#### Namend Entity Recognization(NER)

- means to find the name of the person, place, organization, etc. from the text.
- NER is a subtask of information extraction that locates and classifies named entities in a text.
- The named entities could be organizations, persons, locations, times, etc.
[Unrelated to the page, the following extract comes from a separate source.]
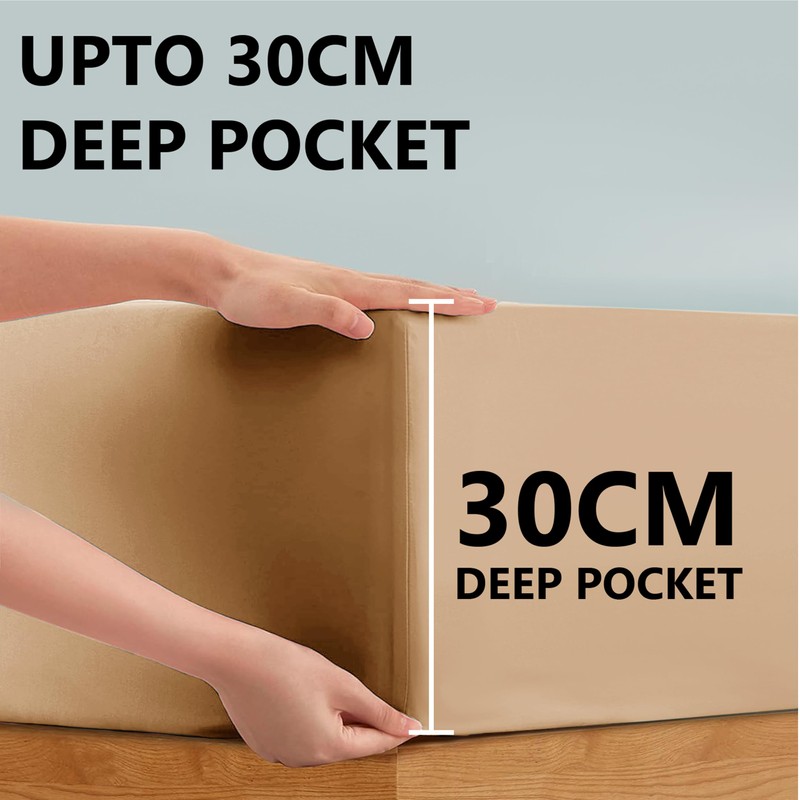 My Home Store Fitted Sheet 100% Egyptian Cotton 300TC Hotel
NER is used in many fields in Natural Language Processing (NLP), and it can help answering many real-world questions, such as:
1. Which companies were mentioned in the news article?
2. Were specified products mentioned in complaints or reviews?
3. Does the tweet contain the name of a person? Does the tweet contain this person’s location?
4. Which people are mentioned in the blog posts?
5. Which geographic locations are talked about in the tweets?
6. Does the text contain any dates or times?
7. What are the person’s name and location?
8. Which products and services are mentioned?
9. Which organizations, percentages,time references, numbers, dates, events, locations are mentioned?

**Important User Cases**
1. Search
2. Recommendations System
3. Customer Care

In [1]:
import spacy
nlp = spacy.load('en_core_web_sm')

In [2]:
nlp.pipe_names

['tok2vec', 'tagger', 'parser', 'attribute_ruler', 'lemmatizer', 'ner']

In [7]:
doc = nlp("Tesla Inc is going to acquire Twitter Inc for $45 billion")

for ent in doc.ents:
    print(ent.text, " | ", ent.label_, " | ", str(spacy.explain(ent.label_)))
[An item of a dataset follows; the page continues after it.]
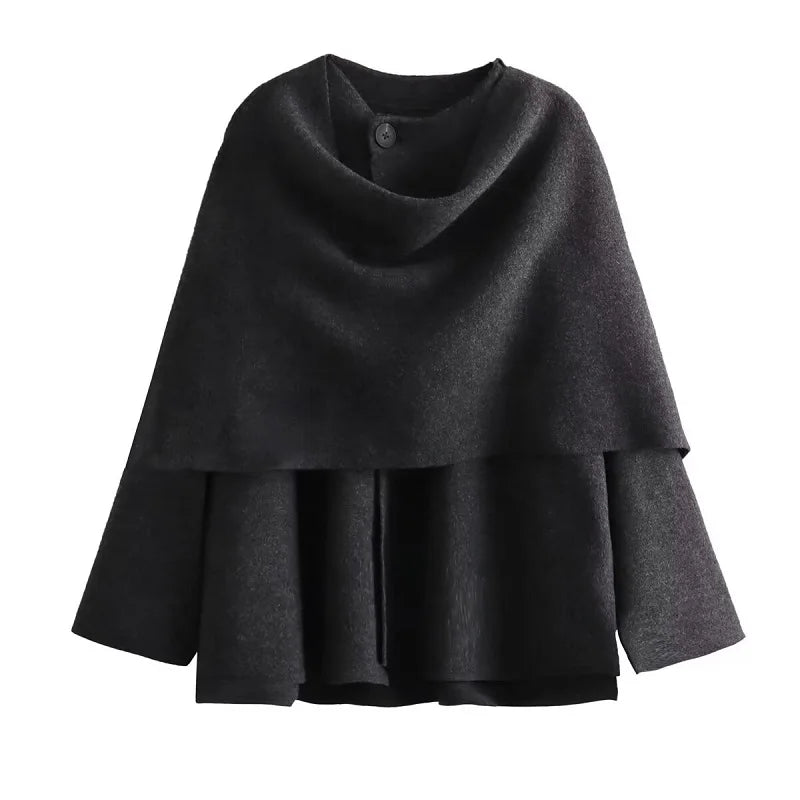 LAVERINE | Elegant Asymmetric Plush Winter Coat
Tesla Inc  |  ORG  |  Companies, agencies, institutions, etc.
Twitter Inc  |  ORG  |  Companies, agencies, institutions, etc.
$45 billion  |  MONEY  |  Monetary values, including unit


In [8]:
from spacy import displacy
display = displacy.render(doc, style='ent')

In [10]:
nlp.pipe_labels["ner"]

['CARDINAL',
 'DATE',
 'EVENT',
 'FAC',
 'GPE',
 'LANGUAGE',
 'LAW',
 'LOC',
 'MONEY',
 'NORP',
 'ORDINAL',
 'ORG',
 'PERCENT',
 'PERSON',
 'PRODUCT',
 'QUANTITY',
 'TIME',
 'WORK_OF_ART']

List of entities are also documented on this page: https://spacy.io/models/en

In [12]:
doc = nlp("Michael Bloomberg founded Bloomberg in 1982")
for ent in doc.ents:
    print(ent.text, "|", ent.label_, "|", spacy.explain(ent.label_))

Bloomberg | PERSON | People, including fictional
Bloomberg | PERSON | People, including fictional
1982 | DATE | Absolute or relative dates or periods


**Setting custom entities**

In [19]:
doc = nlp("Tesla is going to acquire Twitter for $45 billion")
for ent in doc.ents:
    print(ent.text, " | ", ent.label_)

type(doc.ents)
type(doc.ents[0])

tesla  |  ORG
$45 billion  |  MONEY


spacy.tokens.span.Span

In [21]:
from spacy.tokens import Span

s1 = Span(doc, 0, 1, label="ORG")
s2 = Span(doc, 5, 6, label="ORG")

doc.set_ents([s1, s2], default="unmodified")

for ent in doc.ents:
    print(ent.text, " | ", ent.label_)

tesla  |  ORG
twitter  |  ORG
$45 billion  |  MONEY


But for many ner, this is not a standard way of updating the entity.

**Approaches :**
1. Simple Lookup : Manually updating the database wheere it is found.
2. Rule Based NER
3. CRF(Conditional Random Fields), BERT